The current project covers only 11.5 sections and has estimated reserves of 230-300 million bbl of bitumen to support production of 30,000 b/d for 25 years. The reserves estimate was based on extensive seismic and more than 200 delineation wells.

Petro-Canada was a participant for a number of years in thermal recovery pilot projects in the region. SAGD uses pairs of horizontal wells. Steam is injected into the upper well, where it heats and mobilizes the bitumen. The steam condenses back to water and flows to the surface along with the bitumen through the lower production well. The water is then separated, treated, and reused to generate more steam.

Petro-Canada's application for the Meadow Creek project, 28 miles south of Fort McMurray, covers the $700-800 million in situ project and a major refinery conversion at its Strathcona refinery, east of Edmonton, estimated to cost $4-5 billion.

The conversion program would allow the refinery to produce low-sulfur gasoline and replace its existing crude feedstock with bitumen. The first phase would convert the refinery's conventional light crude capacity to upgrade and refine 85,000 b/d of bitumen by 2007.

A possible second phase would add 85,000 b/d by 2010. A third phase of the in situ operation would be considered if the second phase of the refinery conversion is approved.

Petro-Canada holds a 75% interest and Nexen Inc. 25% in the Meadow Lake in situ project, with production of up to 80,000 b/d slated for 2007 start-up.

Long Lake

Another major in situ venture, the Long Lake project 25 miles southeast of Fort McMurray, is a joint venture of OPTI Canada Inc. and Nexen.

Nexen, which acquired a 50% working interest, will be operator for the SAGD project. It will involve a 3,000 b/d pilot project this year and a 35,000 b/d commercial project. Bitumen will be upgraded on site using patented OrCrude technology developed by OPTI's parent company, ORMAT Industries Ltd. OPTI will be responsible for design, construction, and operation of a 60,000-70,000 b/d upgrader, with a planned completion date in 2006. A second phase could add 70,000 b/d. OPTI has been operating a 500 b/d demonstration plant in the Cold Lake area since April 2001, processing bitumen from both the Cold Lake and Athabasca sands.

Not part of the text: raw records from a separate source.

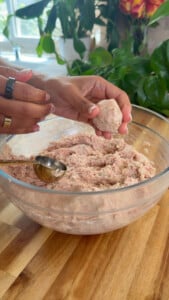 Person forming meatballs from ground chicken mix in a glass bowl on a wooden table.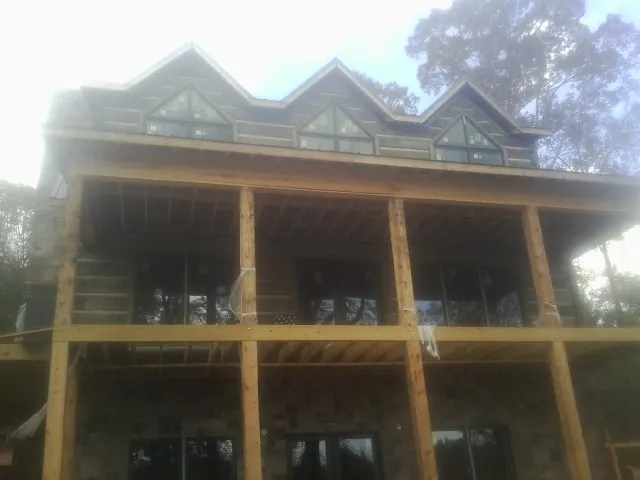 Dormers and porch framing on a large log home under construction — Roof Coating work by our crew in Kintnersville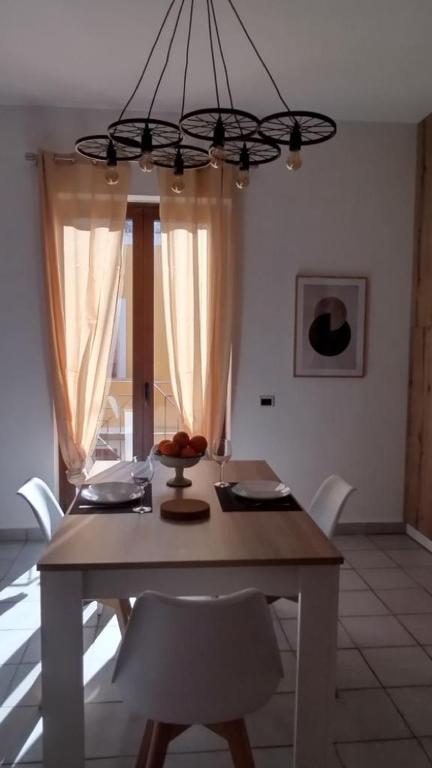 a dining room table with chairs and a chandelier at LechicchediLampedusa in Lampedusa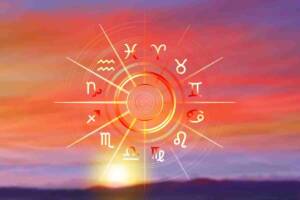 Ruota zodiacale con i dodici segni dell’oroscopo che risplendono alla luce del sole su uno sfondo di cielo dorato al tramonto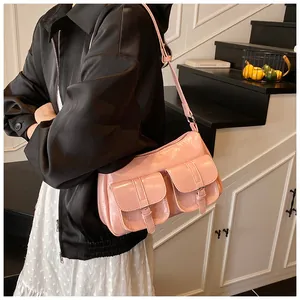 Pink patent leather tote with cargo pockets and metallic buckles shown in a lifestyle setting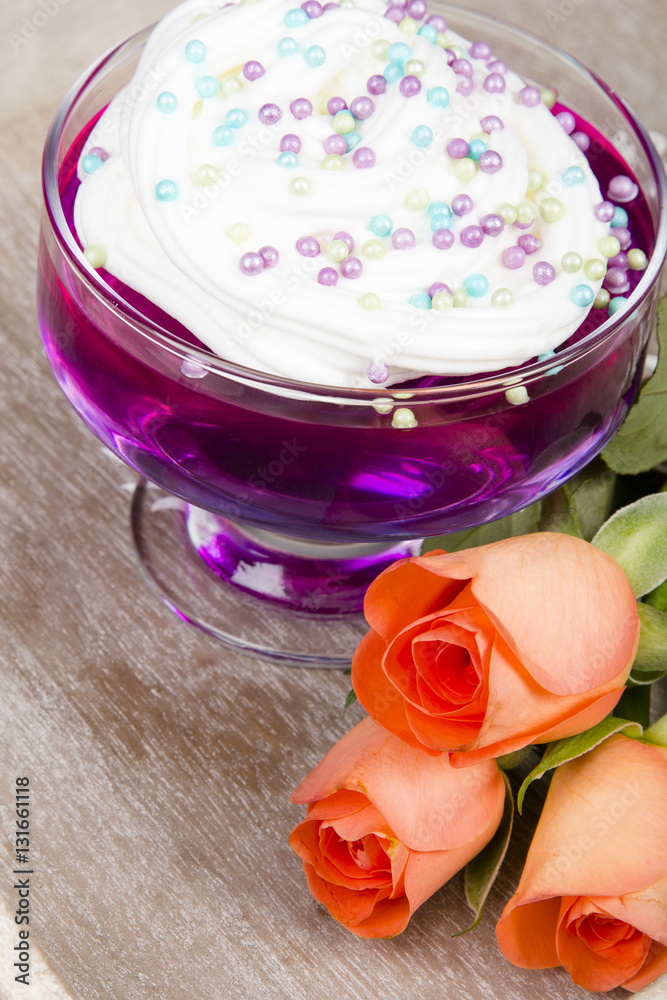 Colorful jelly with whipped cream and candy topping Colorful jelly with whipped cream and candy topping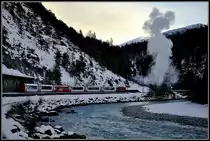 GlacierExpress 910 mit Ge 4/4 II 613  Domat/Ems  kreuzt in Trin den Dampfextrazug nach Valendas-Sagogn. (15.12.2012)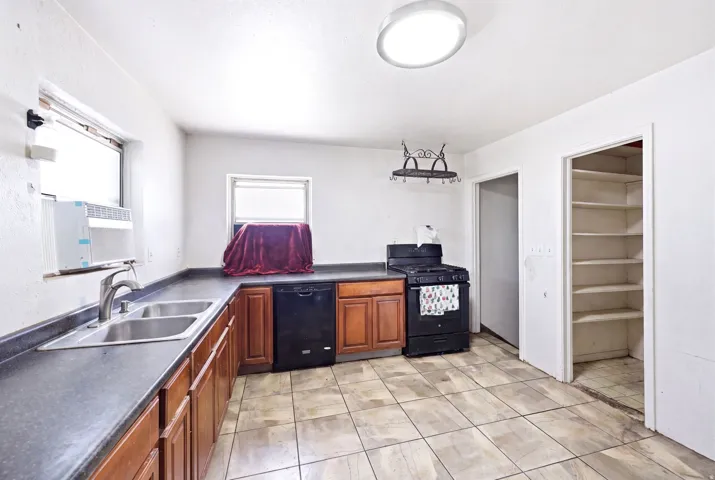 Kitchen featuring a double basin stainless steel sink, wood-finish cabinetry, black appliances, and tile flooring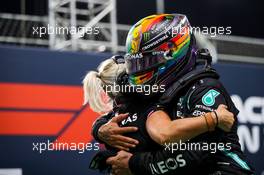 Lewis Hamilton (GBR) Mercedes AMG F1 celebrates his pole position in qualifying parc ferme with Angela Cullen (NZL) Mercedes AMG F1 Physiotherapist. 04.12.2021. Formula 1 World Championship, Rd 21, Saudi Arabian Grand Prix, Jeddah, Saudi Arabia, Qualifying Day.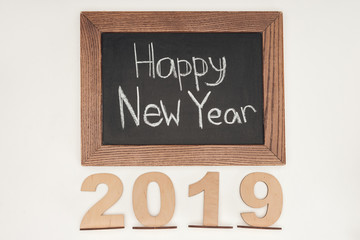 top view of 'happy new year' text on chalk board with 2019 date made of plywood isolated on white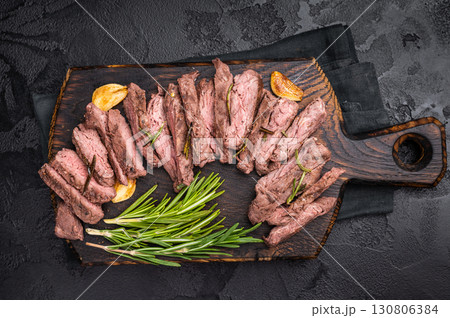 Roast Skirt Machete Steak, grilled beef meat on cutting board. black background. top view Roast Skirt Machete Steak, grilled beef meat on cutting board. black background. top view 130806384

OPTI and Nexen also have formed a joint venture to develop additional opportunities in the Athabasca sands to upgrade both their own and third-party bitumen using OrCrude technology. OPTI has obtained from Nexen a 50% interest in 32 sections of land in the same region with plans for initial delineation work as soon as possible.

EnCana

EnCana Oil & Gas Ltd. (formerly AEC Oil & Gas Ltd.) has applied for regulatory approvals to build Phases 2 and 3 of an existing SAGD in situ project at Foster Creek in the Cold Lake area.

The $290 million first phase is ramping up to 20,000 b/d after starting up at 15,000 b/d in fourth quarter 2001. The $480 million second phase is expected to push output to 65,000 b/d by 2005, and the $230 million third phase would reach 100,000 b/d by 2007.

Another in situ project, at Christina Lake, is to begin steaming in the second quarter of this year, with production start slated for the third quarter. Phase 1 would ramp up to 10,000 b/d by 2003, followed with 40,000 b/d for Phase 2 (no date set yet), and 70,000 b/d expected in 2008. Total estimated outlays for this project would be $500 million.